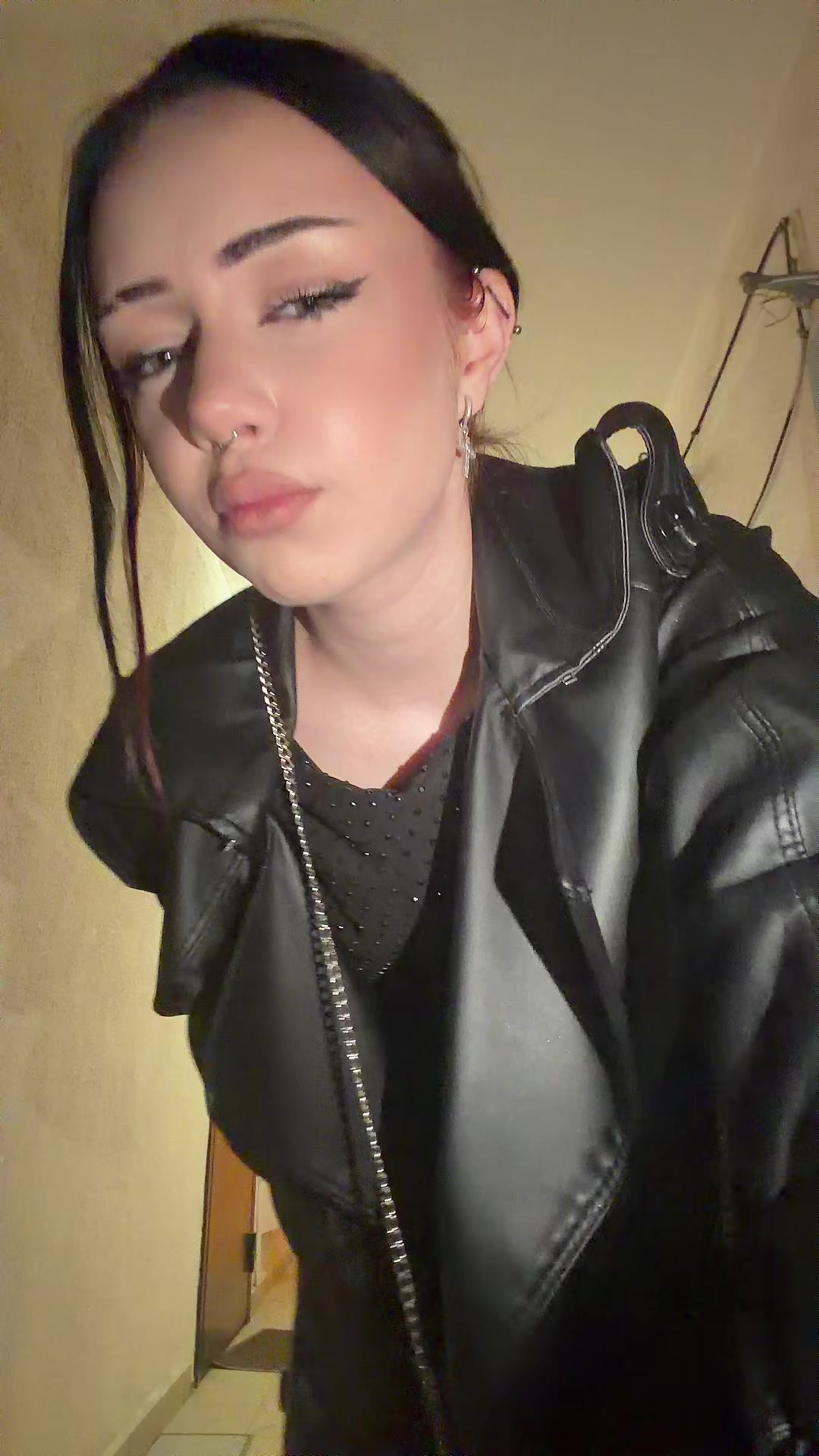 @yananavaaa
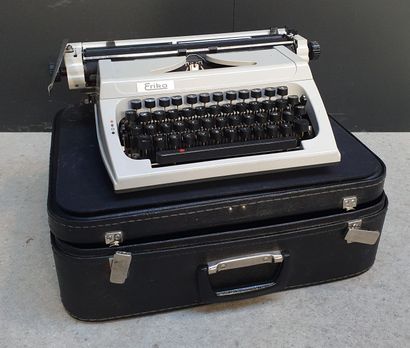 null ERIKA

Typewriter with its carrying case

(As it stands)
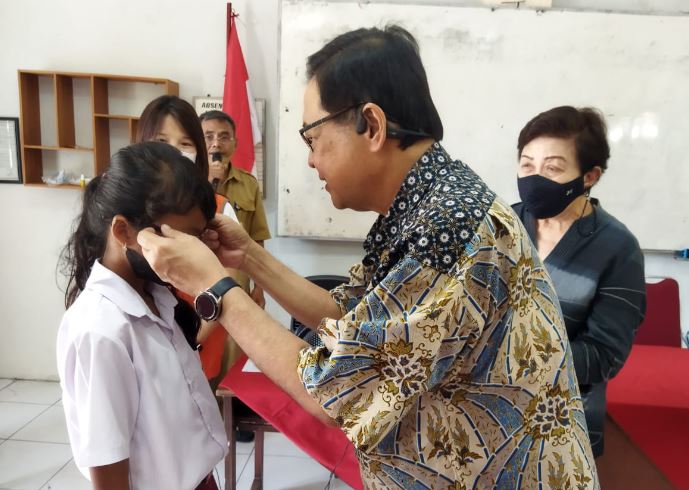 kaca mata metta care berbagi kaca mata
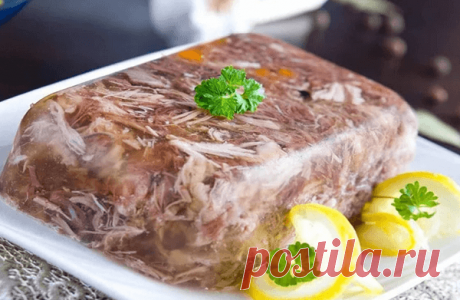Как сварить вкусный холодец из свиных ножек и курицы Холодец – блюдо русской кухни, представляет собой сгустившийся до желеобразной массы мясной бульон с кусочками мяса. Как кулинарное блюдо, он известен уже много веков. Прадедушкой был обычный наваристый суп с мясом. Остыв, суп превращался в густую массу и, прежде чем его есть, приходилось его разогревать. Но позже, когда наши предки попробовали его в холодном виде, ...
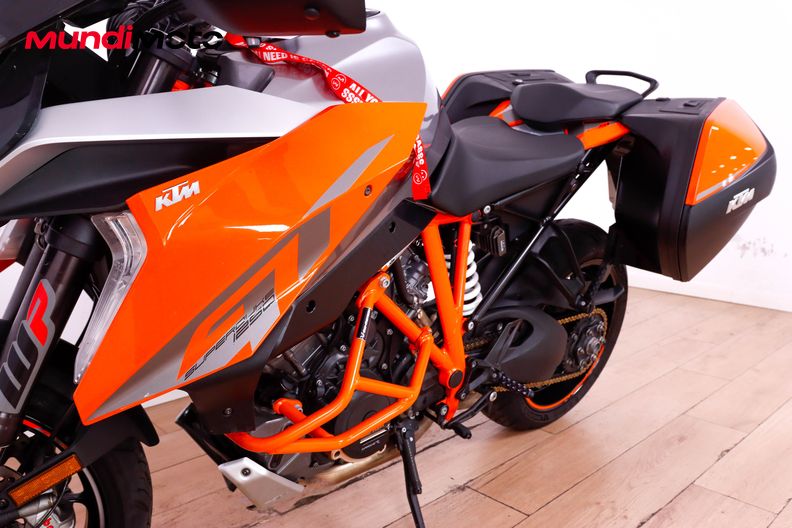Motorbike image 8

*YOUR GOAL*: Copy nothing but the lines above from the one with "Typewriter with its carrying case" through the end of the material, word for word, and drop the pictures.

*SOLUTION TO THIS EXERCISE*:
Typewriter with its carrying case

(As it stands)
 kaca mata metta care berbagi kaca mata
Как сварить вкусный холодец из свиных ножек и курицы Холодец – блюдо русской кухни, представляет собой сгустившийся до желеобразной массы мясной бульон с кусочками мяса. Как кулинарное блюдо, он известен уже много веков. Прадедушкой был обычный наваристый суп с мясом. Остыв, суп превращался в густую массу и, прежде чем его есть, приходилось его разогревать. Но позже, когда наши предки попробовали его в холодном виде, ...
Motorbike image 8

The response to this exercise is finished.